Google Now Crawling And Indexing Flash Content
Historically, search engines have been unable to extract content, such as text and links, from Flash (SWF) files. Subsequently, much of the Flash-based content on the web has been unavailable in search results. This situation has been frustrating for web developers, who have tried to come up with workarounds to help get search engines to […]
Historically, search engines have been unable to extract content, such as text and links, from Flash (SWF) files. Subsequently, much of the Flash-based content on the web has been unavailable in search results. This situation has been frustrating for web developers, who have tried to come up with workarounds to help get search engines to index and rank their Flash pages.
This situation hasn’t been ideal for searchers either, as this limitation has kept them from seeing potentially great matches for their queries because they’ve been locked away in Flash files.
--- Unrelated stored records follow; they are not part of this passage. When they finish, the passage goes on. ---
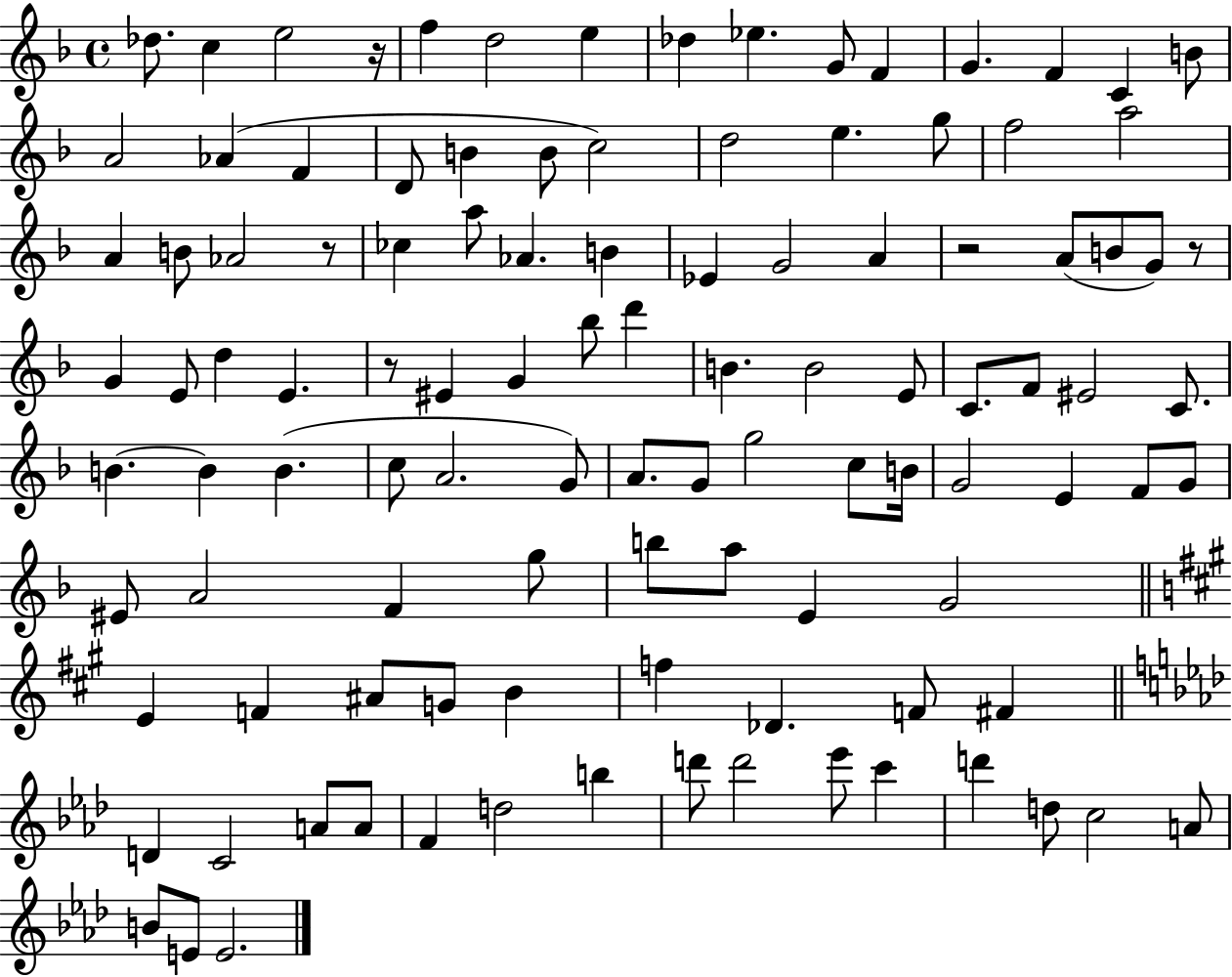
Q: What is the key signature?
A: F major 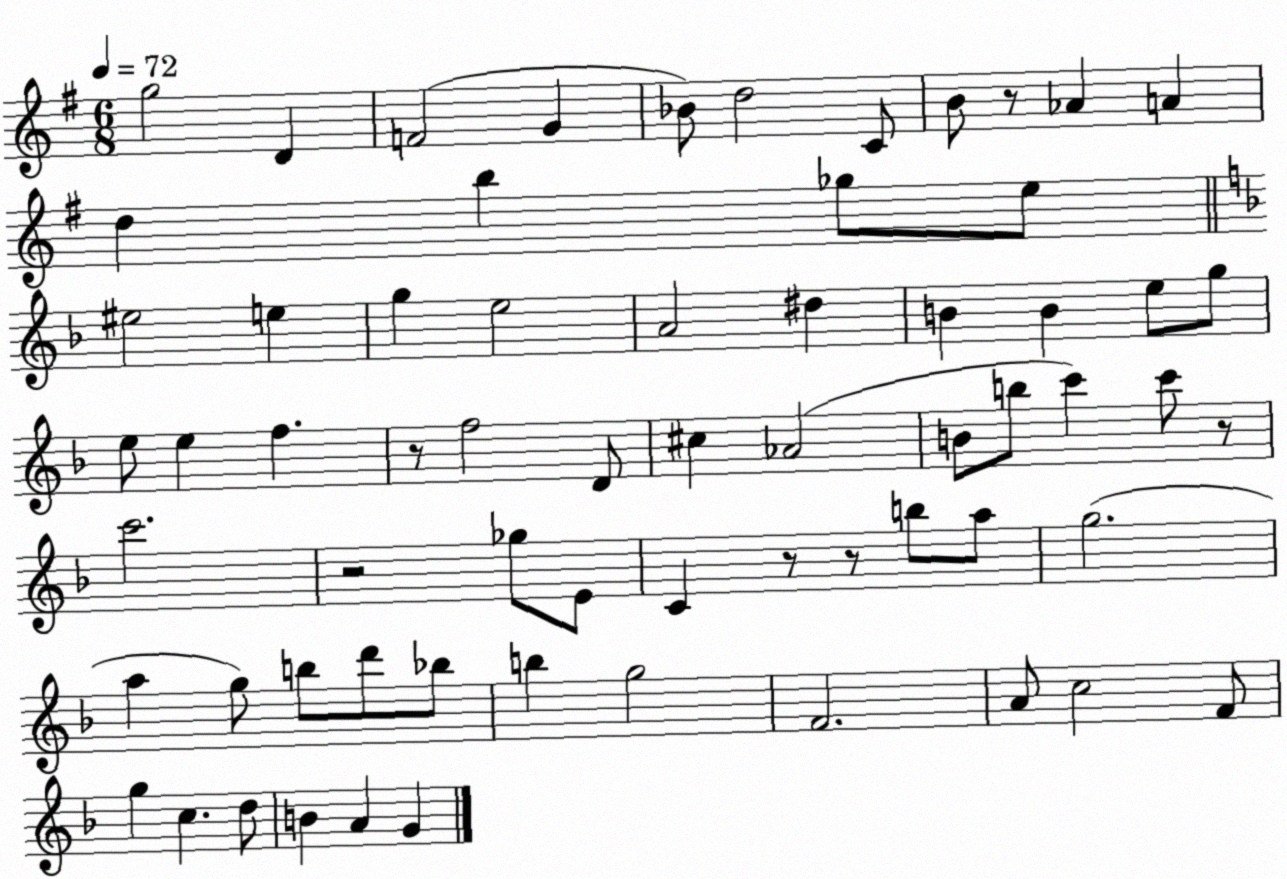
X:1
T:Untitled
M:6/8
L:1/4
K:G
g2 D F2 G _B/2 d2 C/2 B/2 z/2 _A A d b _g/2 e/2 ^e2 e g e2 A2 ^d B B e/2 g/2 e/2 e f z/2 f2 D/2 ^c _A2 B/2 b/2 c' c'/2 z/2 c'2 z2 _g/2 E/2 C z/2 z/2 b/2 a/2 g2 a g/2 b/2 d'/2 _b/2 b g2 F2 A/2 c2 F/2 g c d/2 B A G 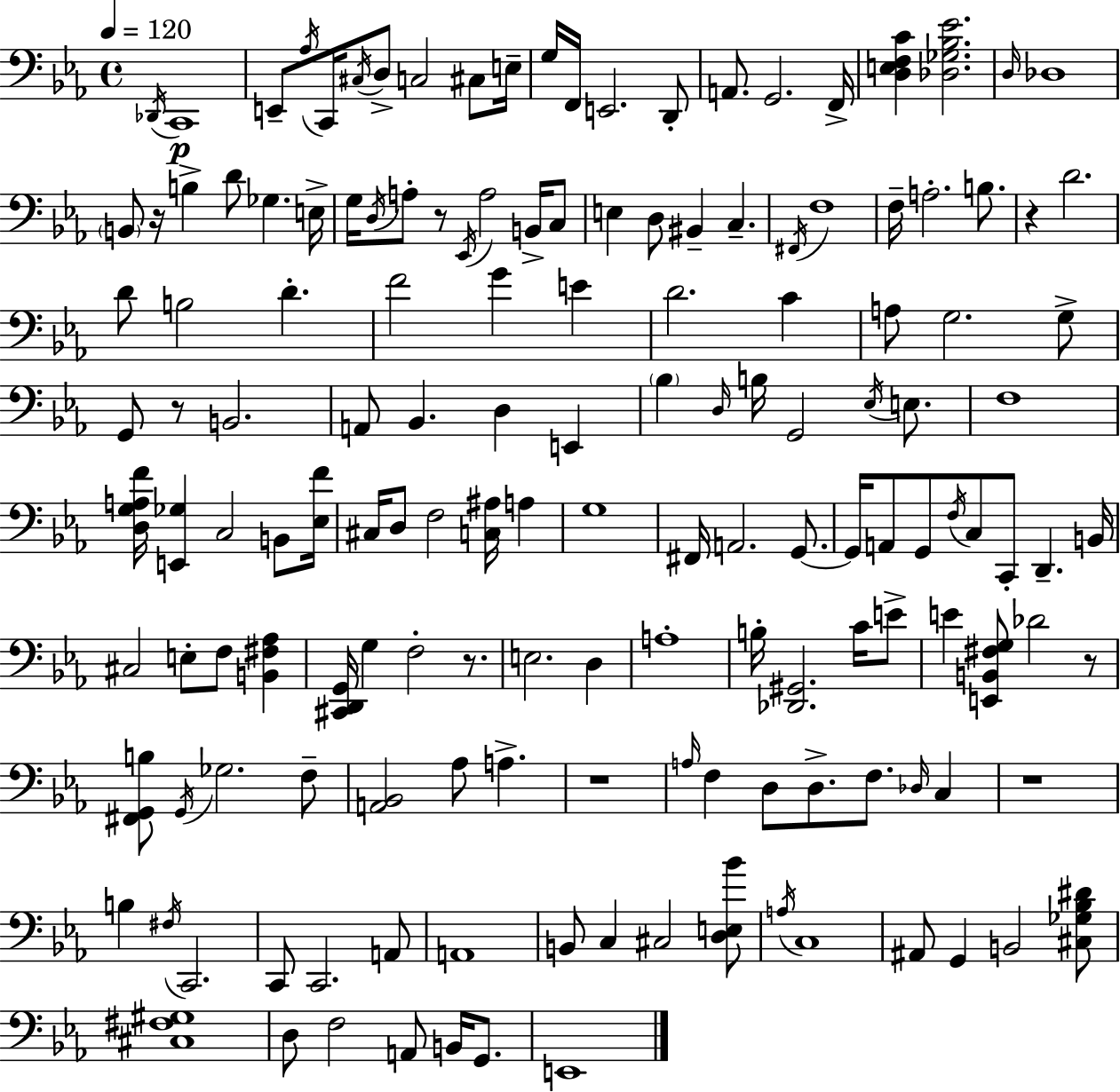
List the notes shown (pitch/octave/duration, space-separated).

Db2/s C2/w E2/e Ab3/s C2/s C#3/s D3/e C3/h C#3/e E3/s G3/s F2/s E2/h. D2/e A2/e. G2/h. F2/s [D3,E3,F3,C4]/q [Db3,Gb3,Bb3,Eb4]/h. D3/s Db3/w B2/e R/s B3/q D4/e Gb3/q. E3/s G3/s D3/s A3/e R/e Eb2/s A3/h B2/s C3/e E3/q D3/e BIS2/q C3/q. F#2/s F3/w F3/s A3/h. B3/e. R/q D4/h. D4/e B3/h D4/q. F4/h G4/q E4/q D4/h. C4/q A3/e G3/h. G3/e G2/e R/e B2/h. A2/e Bb2/q. D3/q E2/q Bb3/q D3/s B3/s G2/h Eb3/s E3/e. F3/w [D3,G3,A3,F4]/s [E2,Gb3]/q C3/h B2/e [Eb3,F4]/s C#3/s D3/e F3/h [C3,A#3]/s A3/q G3/w F#2/s A2/h. G2/e. G2/s A2/e G2/e F3/s C3/e C2/e D2/q. B2/s C#3/h E3/e F3/e [B2,F#3,Ab3]/q [C#2,D2,G2]/s G3/q F3/h R/e. E3/h. D3/q A3/w B3/s [Db2,G#2]/h. C4/s E4/e E4/q [E2,B2,F#3,G3]/e Db4/h R/e [F#2,G2,B3]/e G2/s Gb3/h. F3/e [A2,Bb2]/h Ab3/e A3/q. R/w A3/s F3/q D3/e D3/e. F3/e. Db3/s C3/q R/w B3/q F#3/s C2/h. C2/e C2/h. A2/e A2/w B2/e C3/q C#3/h [D3,E3,Bb4]/e A3/s C3/w A#2/e G2/q B2/h [C#3,Gb3,Bb3,D#4]/e [C#3,F#3,G#3]/w D3/e F3/h A2/e B2/s G2/e. E2/w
According to Adobe and Google, all of that is changing. Google is launching what they tell me is a “deep algorithmic change,” augmented by Flash reader technology supplied by Adobe, that enables them to “read” Flash files and extract text and links from it for better indexing and ranking. This could be great news for both site owners and searchers.
Below, more details about how it all works, as well as some caveats for those who see this development as a Flash panacea and think they no longer have to ensure their Flash applications are search engine friendly.
Google can now crawl and index Flash files
Google has been working on improving how they crawl and index rich content (such as Flash and JavaScript) for some time, and in fact have been able to extract some text and links from Flash files for a while. However, their methods weren’t perfect, and they tell me that this new technology from Adobe makes Google’s algorithms “less error prone” and enables them to access content created in any version of Flash in a variety of languages.
Adobe is providing a Flash player to (some) search engines
Adobe says they have developed an optimized Flash player for search engines and are collaborating with both Google and Yahoo!. Yahoo! has not yet implemented the technology, although they stated that “Yahoo! is committed to supporting webmaster needs with plans to support searchable SWF and is working with Adobe to determine the best possible implementation.” Adobe hasn’t made the technology available to Microsoft’s Live Search, although they say they are “exploring ways to make the technology more broadly available” to “help make all SWF content more easily searchable.” Adobe didn’t comment on whether the fact that Microsoft developing competing Silverlight was a factor in their decision not to collaborate with Microsoft Live Search for this initial announcement.
A big step forward
Previously, Google’s help documentation has warned against the use of Flash-only sites:
“In general, search engines are text based. This means that in order to be crawled and indexed, your content needs to be in text format. This doesn’t mean that you can’t include images, Flash files, videos, and other rich media content on your site; it just means that any content you embed in these files should also be available in text format or it won’t be accessible to search engines.”
They have suggested using Flash sparingly or using a method such as Scalable Inman Flash Replacement (sIFR) to provide an HTML source that can be rendered as either Flash or non-Flash.
That seems to have changed. The help documentation hasn’t been updated, but the post on the Google Webmaster blog says that Googlebot can now extract textual content and links so Google can better crawl, index, and rank the web site.
Both Google and Adobe stressed to me that this is a big win for both site owners and searchers and that it should improve relevancy in search results. They noted that Flash developers don’t have to do anything in their applications to make this new technology work for their sites.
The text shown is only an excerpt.